Media-Prominent Scientists Dominate Climate Policy, Rather Than Authors Producing Highest Quality Research

Basil Mahfouz

The 28th United Nations Climate Change Conference (COP28) in Dubai has highlighted the need to embed high-quality scientific insights into global climate policy.

My PhD research at UCL’s Department of Science, Technology, Engineering, and Public Policy, is focused on developing new methods for measuring the capability of policy makers to utilise high-quality scholarly research. Since the start of 2023, I’ve been working closely with supervisors Professor Sir Geoff Mulgan, Professor Licia Capra, and Elsevier’s International Centre for the Study of Research (ICSR) to analyse whether policymakers are systematically using high-quality climate research in their decision-making processes.

Initial findings suggest policymakers may be disproportionately influenced by the opinions of scientists who feature heavily in mainstream media, rather than a broader spectrum of experts.

In the Elsevier SDG mapping initiative, almost 30 million research publications have been categorized as tackling one of the 17 United Nations Sustainable Development Goals.

Utilizing this classification, we identified 331,907 research articles related to SDG 13: Climate Action, published between 2005 and 2021. Approximately 22% of these articles were cited in policy documents indexed in the Overton database.

In the first test, we wanted to check if the articles that were cited in policy also have high academic impact. To do this, we examined a series of bibliometric indicators commonly associated with research excellence, such as citation counts, journal impact factors, and author h-indices. Our hypothesis was that papers with high scores in academic impact indicators would be those most frequently cited in policy.

To test this hypothesis, we employed machine learning methods to analyse the extent to which these academic impact indicators predict a paper’s citation in policy documents. Contrary to our expectations, the results showed that our model was a poor fit, correctly predicting 10% of articles that were cited in policy. This finding suggests that there is no observable relationship between research quality and climate policy impact. Rather, other, non-academic factors may be playing a significant role in determining which papers are being cited in policy. 

Despite the model’s poor overall fit, it revealed that media mentions are 22 times more influential than journal metrics, twice as influential as author level metrics, and 30% more influential than article-level metrics at explaining why a paper is cited in policy. The data suggests that policymakers may be relying on the media as a knowledge broker for identifying climate evidence. Indeed, less than 10% of authors account for over 90% of all climate policy citations and 79% of all climate research coverage in the media. Yet these influential authors are not necessarily academic leaders in their fields. Only one-third of these highly cited authors in policy are among the top 20% most academically cited researchers in climate research. Further analysis revealed a moderate positive correlation (r=0.54) between the frequency of an author’s research mentions in the media and their policy citation count. This pattern raises questions about the criteria for policy citations and the role of media visibility in shaping policy-relevant research landscapes.

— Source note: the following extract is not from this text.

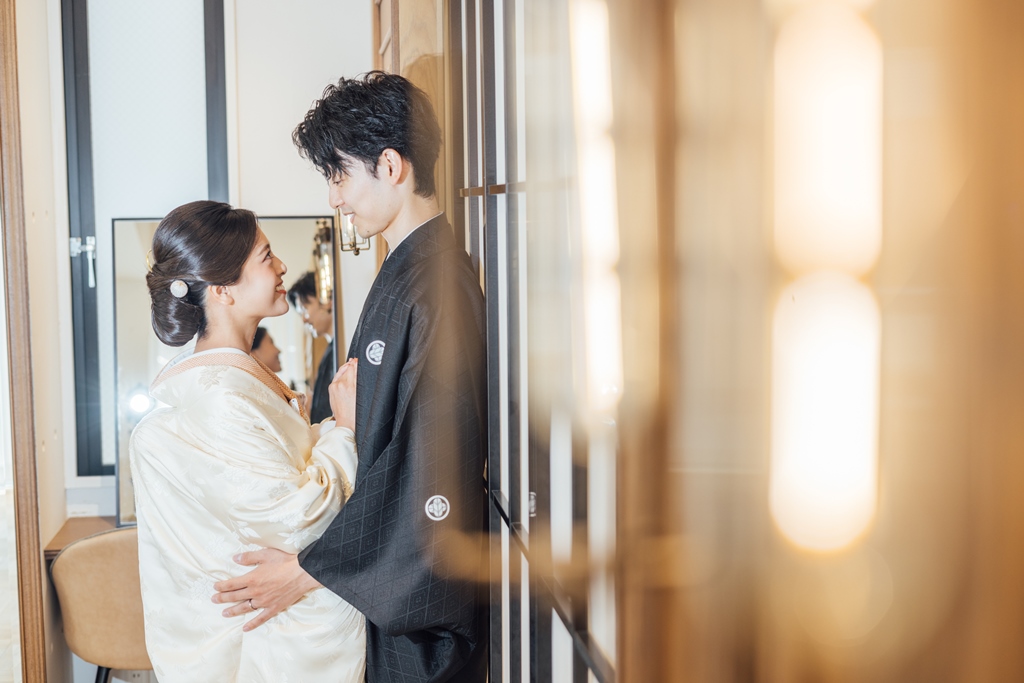 白無垢姿の新婦と黒紋付袴姿の新郎が鏡越しに寄り添う、格子戸の前で見つめ合う横顔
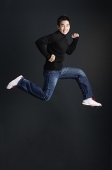 Young man dressed in black jumping and smiling at camera - Asia Images Group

The current system, with its overreliance on a limited set of researchers, particularly those with high media visibility, may not be serving the global need for high quality scientific insights. The media is not an adequate knowledge broker between the scientific and policy domains. Such an approach not only risks compromising the quality of research influencing policy decisions but also leads to a strong geographical bias. Although publishing slightly fewer papers than China, the United States alone accounts for 24.55% of all policy citations. The disparity in citation ratios across countries, especially between the global north and south is stark, even when controlling for research quality. For instance, while the Netherlands enjoys a high citation ratio of 43.13%, countries like Malaysia and the Russian Federation experience substantially lower ratios, at 6.41% and 7.48%, respectively. This pattern reveals a troubling underrepresentation of research from the Global South, potentially side-lining valuable perspectives and contributions in global climate discourse. 

In conclusion, our study highlights the urgent need to revaluate how climate policymakers access scientific research. The data points to a system of over reliance on media to identify key researchers, which risks side-lining crucial perspectives, particularly from underrepresented regions like the Global South, and compromises the quality and comprehensiveness of scientific inputs. In light of the complex, global nature of climate change, it’s imperative to establish more inclusive and equitable approaches, which ensure that high-quality research from across the globe, irrespective of media presence, is recognized and effectively harnessed in climate policy-making.